Two decades of grid energy storage sounds almost better than the 1 million miles in an EV as demand for energy storage—the Holy Grail of renewables—garners growing attention. But back to EVs.
Range and battery durability—and cost—are the biggest obstacles to mass EV adoption. On the one hand, drivers want to know their car won’t die midway to their destination because its range is too short. On the other, they also want to know the battery will last.
Realistically speaking, no car needs a battery that can last for a million miles, simply because few people keep their cars for that long. Most cars have exhausted their useful life at about 200,000 miles, according to the Observer’s Harmon Leon. Yet it does sound impressive, and what’s even more impressive is that, according to the researchers, the new battery cell only loses a tenth of its energy density over this extended lifetime, which makes it more efficient than existing batteries.
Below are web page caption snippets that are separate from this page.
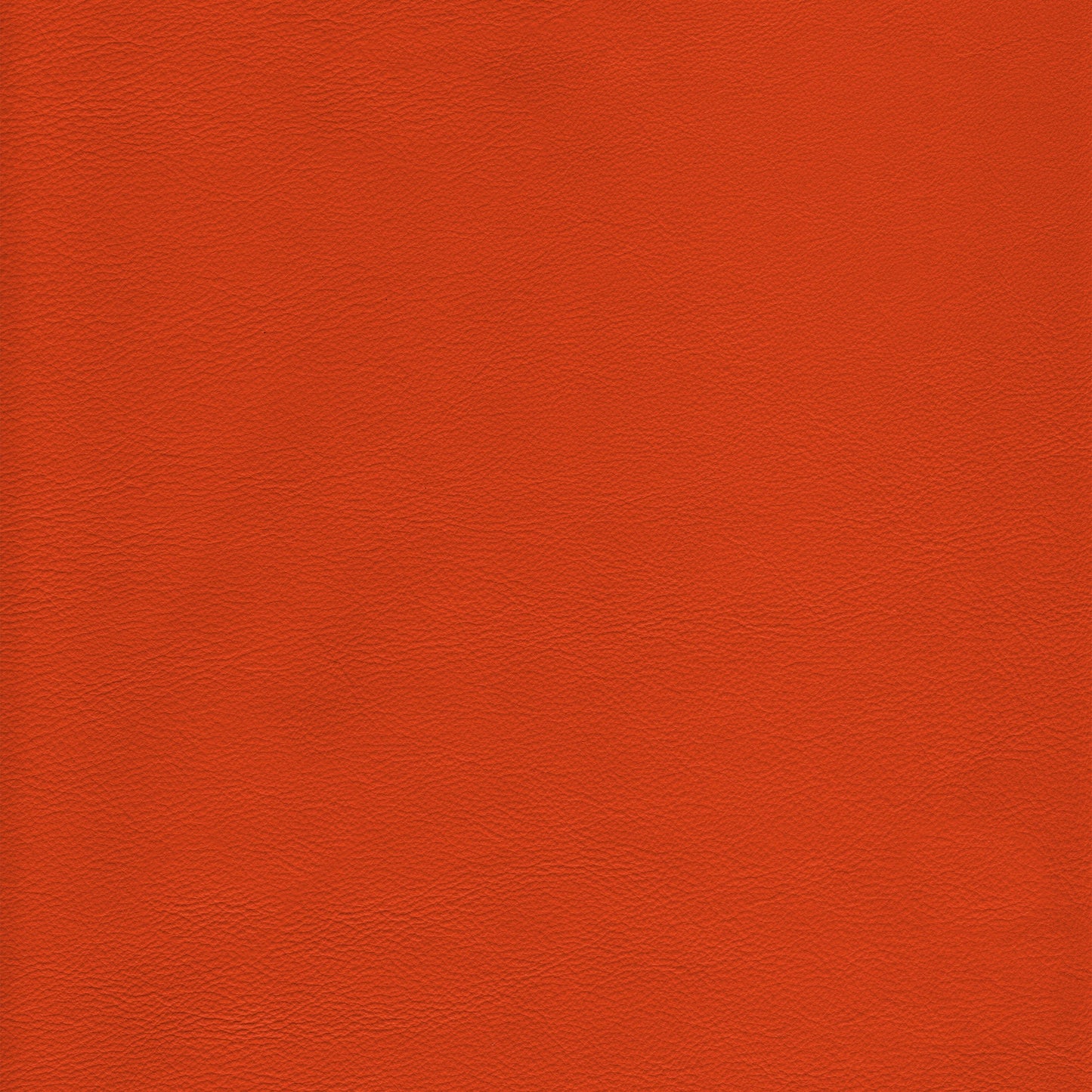 Lena 6688 Tangerine leather swatch: rich tangerine color, textured grain.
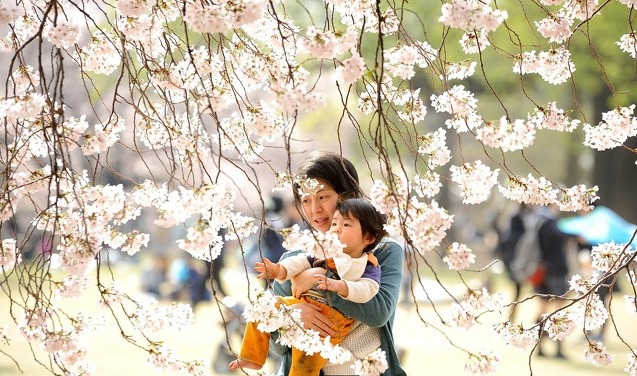 აღზრდის 5 მეთოდი იაპონელი მშობლებისგან, რომლებიც დაგეხმარებათ, რომ მშვიდი და თავაზიანი შვილი გაზარდოთ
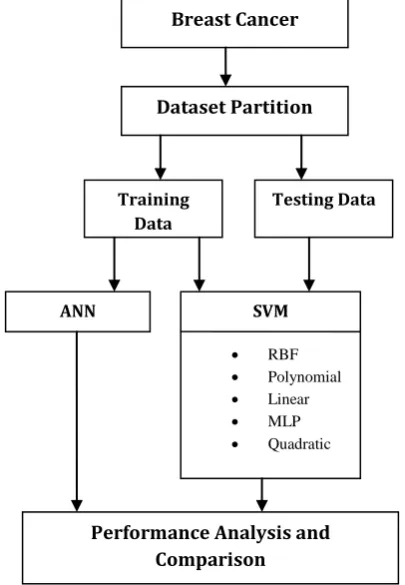 Fig -1: Breast cancer classification model 
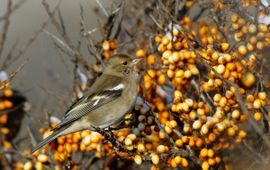 Fringilla coelebs. Vink female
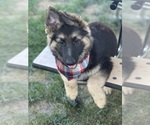 Small German Shepherd Dog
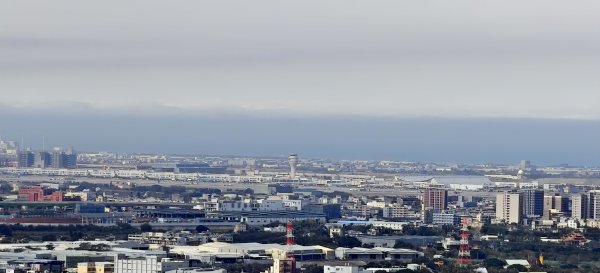 2026/01/25-五酒桶山、山鼻山步道2988089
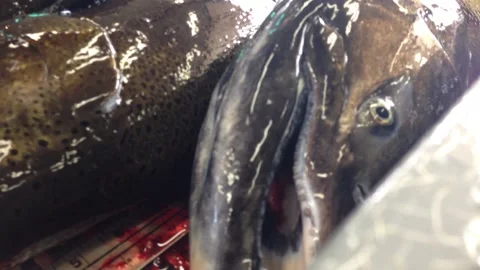 Fish Eggs and Hatcherty Video stock 144069854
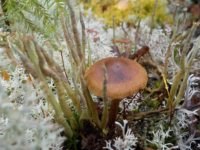 Kika photographie les champignons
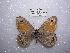  ( - LOWA-NL-31)  @13 [ ] Unspecified (default): All Rights Reserved  Unspecified Unspecified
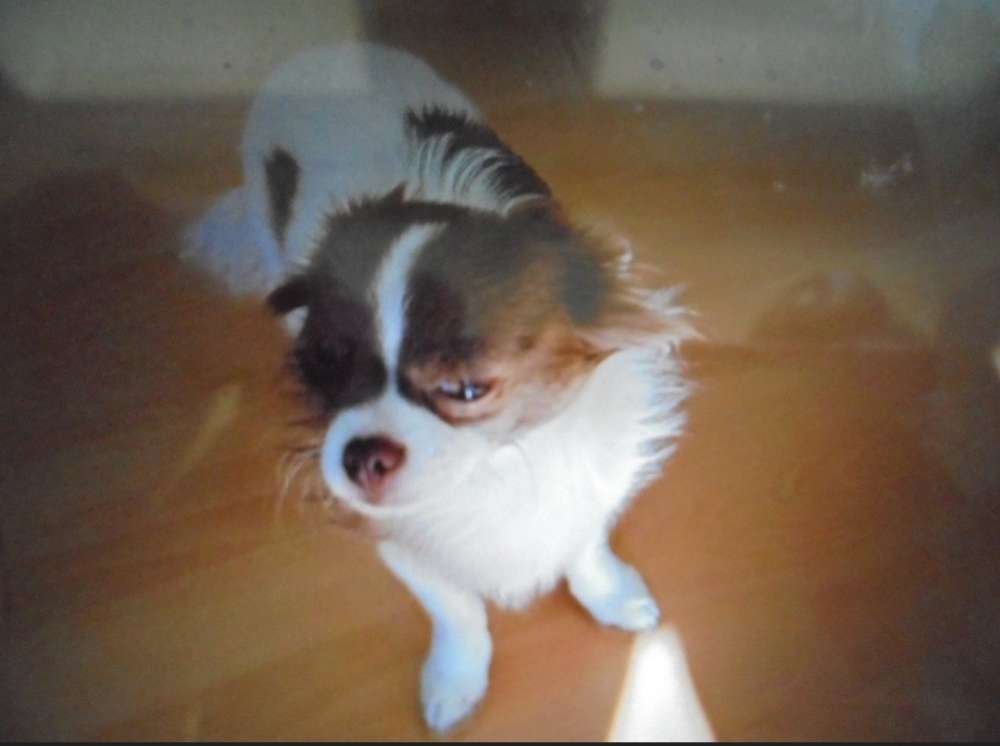 Suchmeldung-Chihuahua vermisst-Profilbild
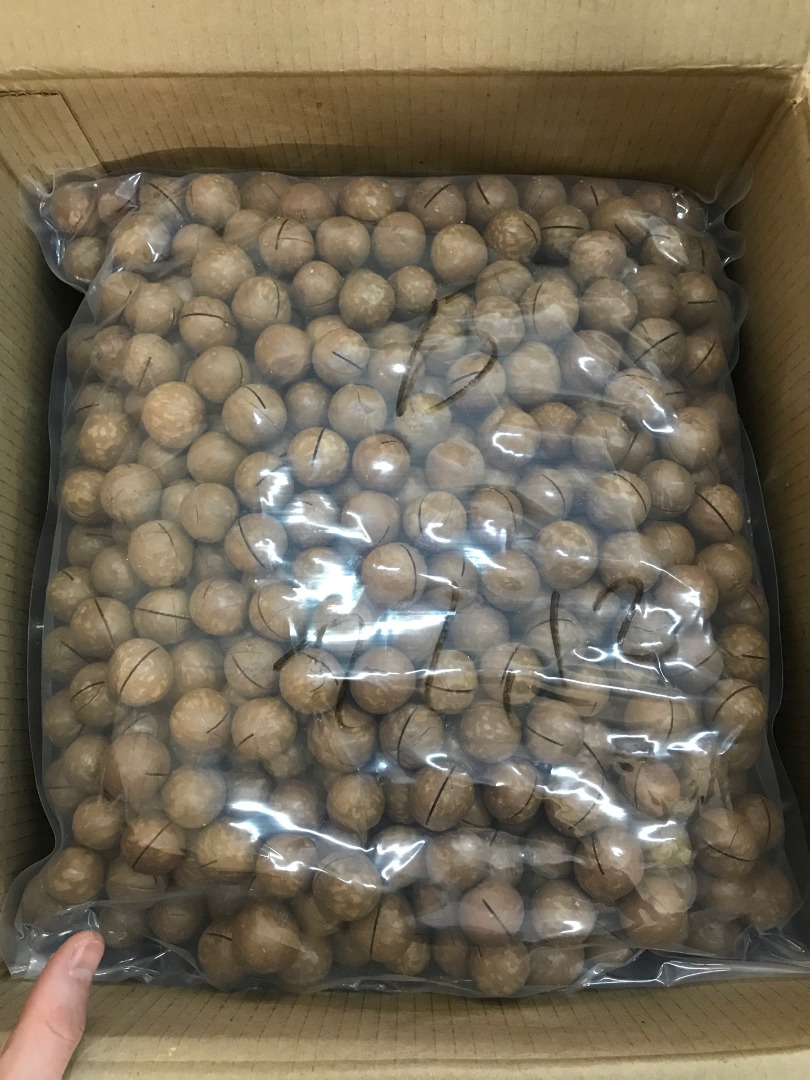 Hello, we sell exotic natural unprocessed macadamia nuts in a shell with a cut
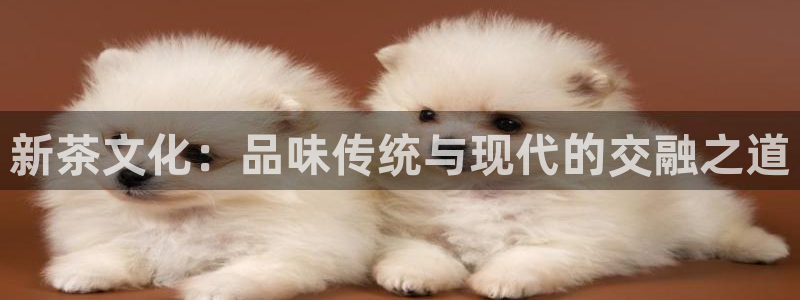 鸿运官网平台登录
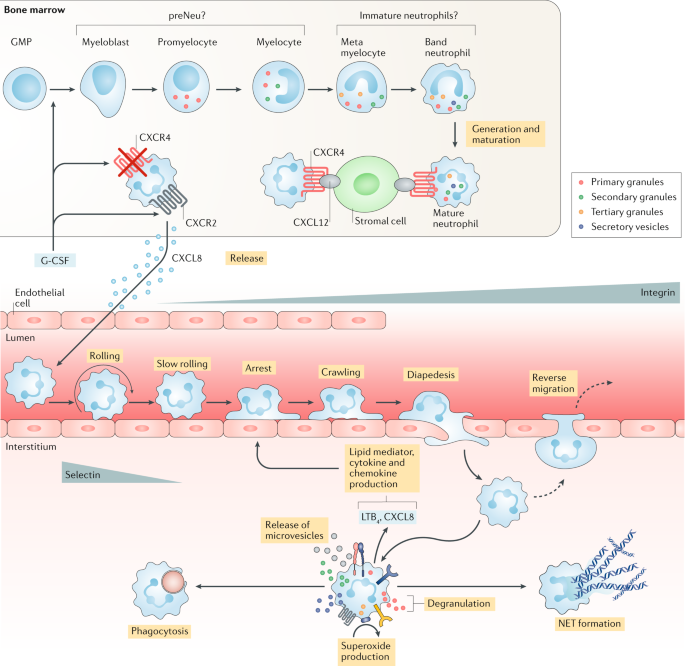 Neutrophils As Emerging Therapeutic Targets Nature Reviews Drug Discovery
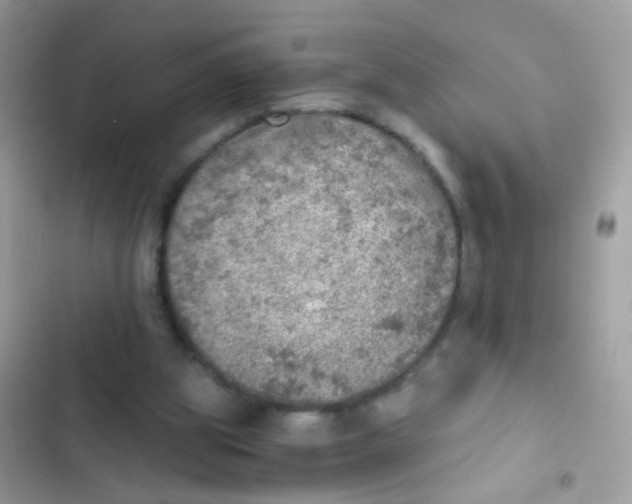 X0000103160153200809192101
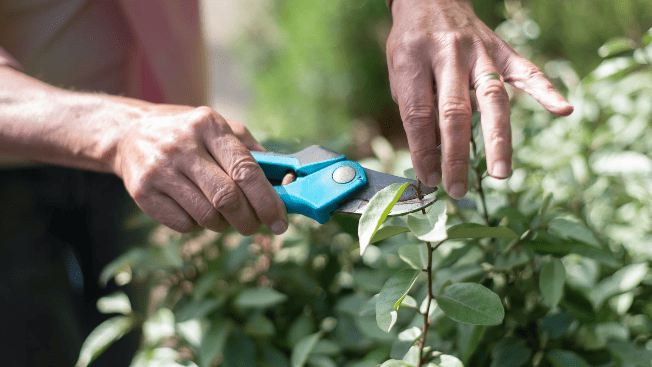 The Pruning Shears of Revision: Unveiling the Key Concepts by Neville Goddard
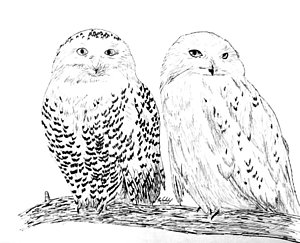 300x243 snowy owls drawing - Snowy Owl Drawing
And here’s what’s even more impressive. The paper is open to anyone interested in reading about how this new and improved battery works. Why? Because, as one former member of the Dalhousie University team told Wired, Tesla patented an even superior battery before the paper came out. The carmaker announced it had received a patent for a battery very similar to the one described in the paper, with team leader Jeff Dahn listed as one of its inventors.
So, it seems it’s true. Tesla has made a battery capable of lasting a million miles even if other components of the car might not be able to survive that long. Now all it needs to do is make this battery cheap enough to turn it into something that is actually usable in a car. This may take a while given that most carmakers have yet to make current batteries more affordable to bring down the price of an EV enough to motivate more people to buy one.